**Instructions for the task:** Shown below are entries with pictures; the line with "Van Heusen Geometric Tie - Xl" through the line with "Ministry to cut" is the span to retype exactly, and the pictures stay out.

Top of Entries supplied

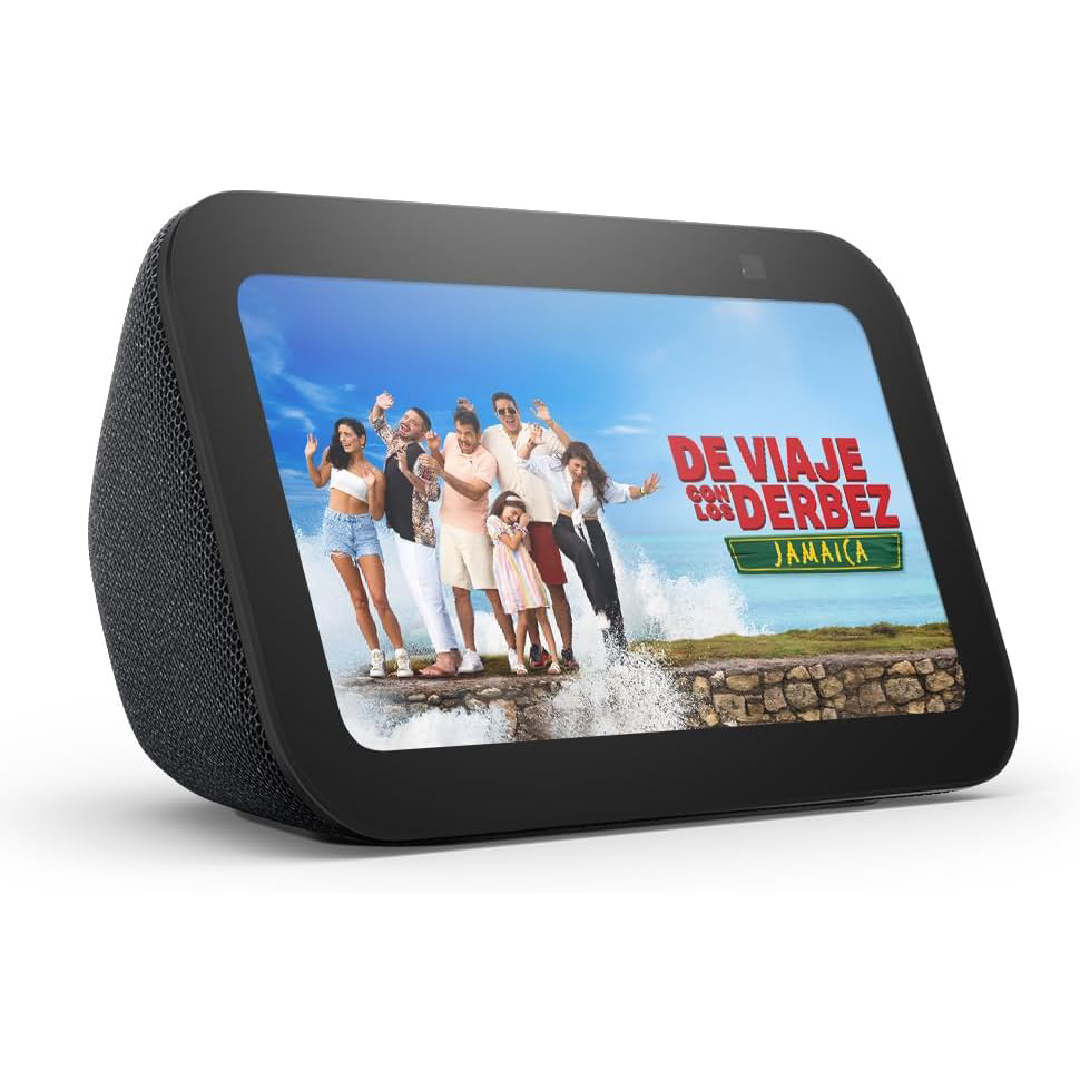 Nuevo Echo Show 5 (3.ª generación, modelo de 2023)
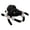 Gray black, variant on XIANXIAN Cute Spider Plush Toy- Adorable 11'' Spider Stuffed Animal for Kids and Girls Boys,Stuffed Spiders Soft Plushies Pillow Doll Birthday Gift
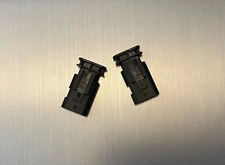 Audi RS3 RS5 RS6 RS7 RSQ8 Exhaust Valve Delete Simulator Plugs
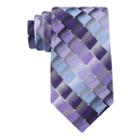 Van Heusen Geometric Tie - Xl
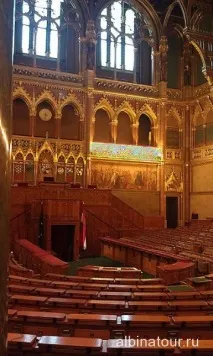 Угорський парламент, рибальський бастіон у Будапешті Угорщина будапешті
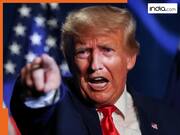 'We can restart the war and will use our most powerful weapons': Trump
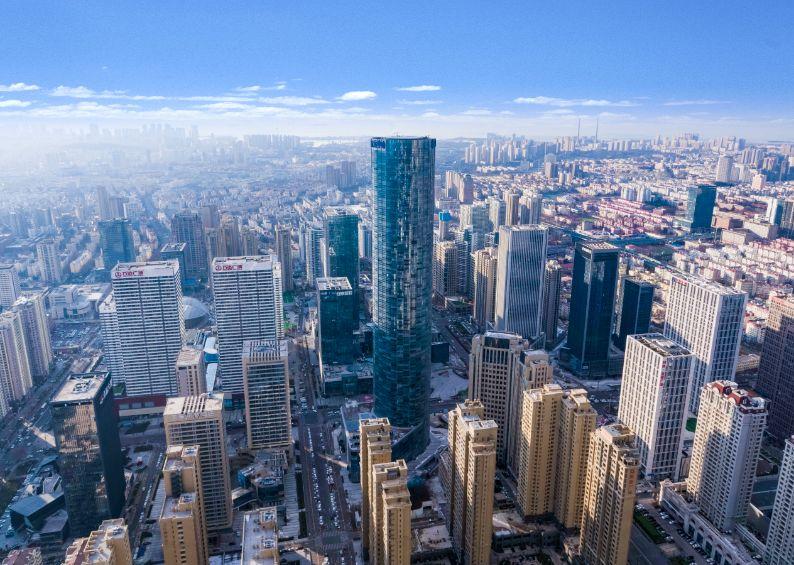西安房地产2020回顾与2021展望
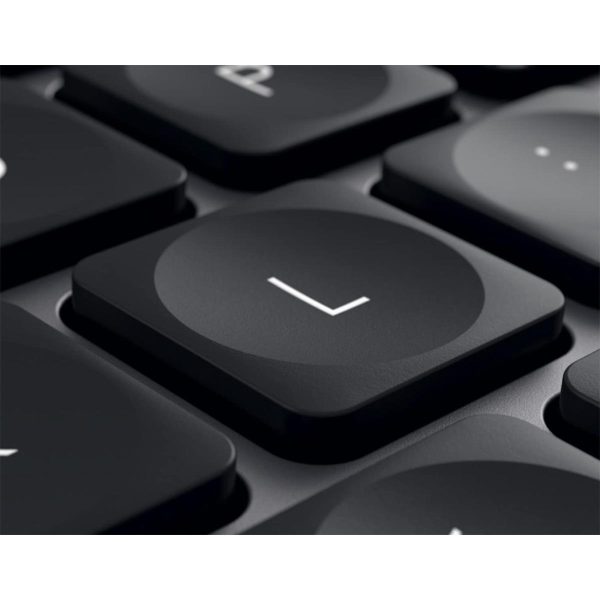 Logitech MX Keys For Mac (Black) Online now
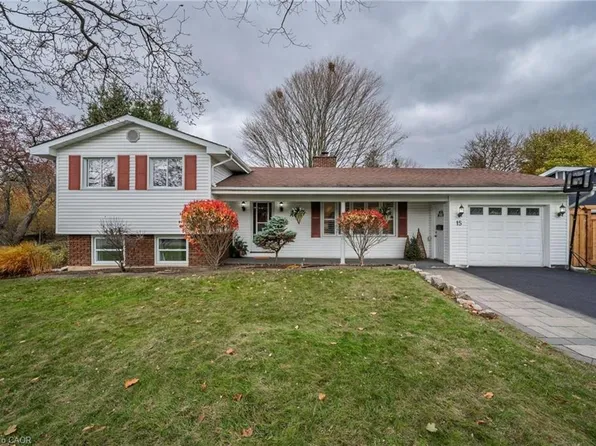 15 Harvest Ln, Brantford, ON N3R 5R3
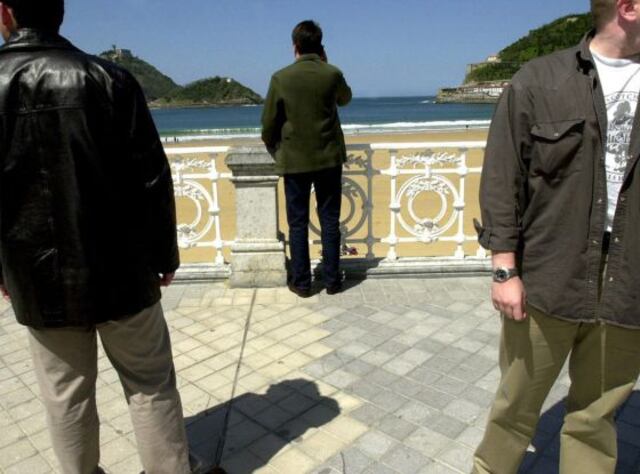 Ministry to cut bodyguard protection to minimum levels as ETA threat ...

Bottom of Entries supplied
Top of Entries supplied

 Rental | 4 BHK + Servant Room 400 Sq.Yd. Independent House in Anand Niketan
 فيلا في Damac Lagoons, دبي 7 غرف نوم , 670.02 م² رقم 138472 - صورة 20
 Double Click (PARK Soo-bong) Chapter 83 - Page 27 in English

Bottom of Entries supplied

**Reply to the task:**
 Van Heusen Geometric Tie - Xl
 Угорський парламент, рибальський бастіон у Будапешті Угорщина будапешті
 'We can restart the war and will use our most powerful weapons': Trump
西安房地产2020回顾与2021展望
 Logitech MX Keys For Mac (Black) Online now
 15 Harvest Ln, Brantford, ON N3R 5R3
 Ministry to cut bodyguard protection to minimum levels as ETA threat ...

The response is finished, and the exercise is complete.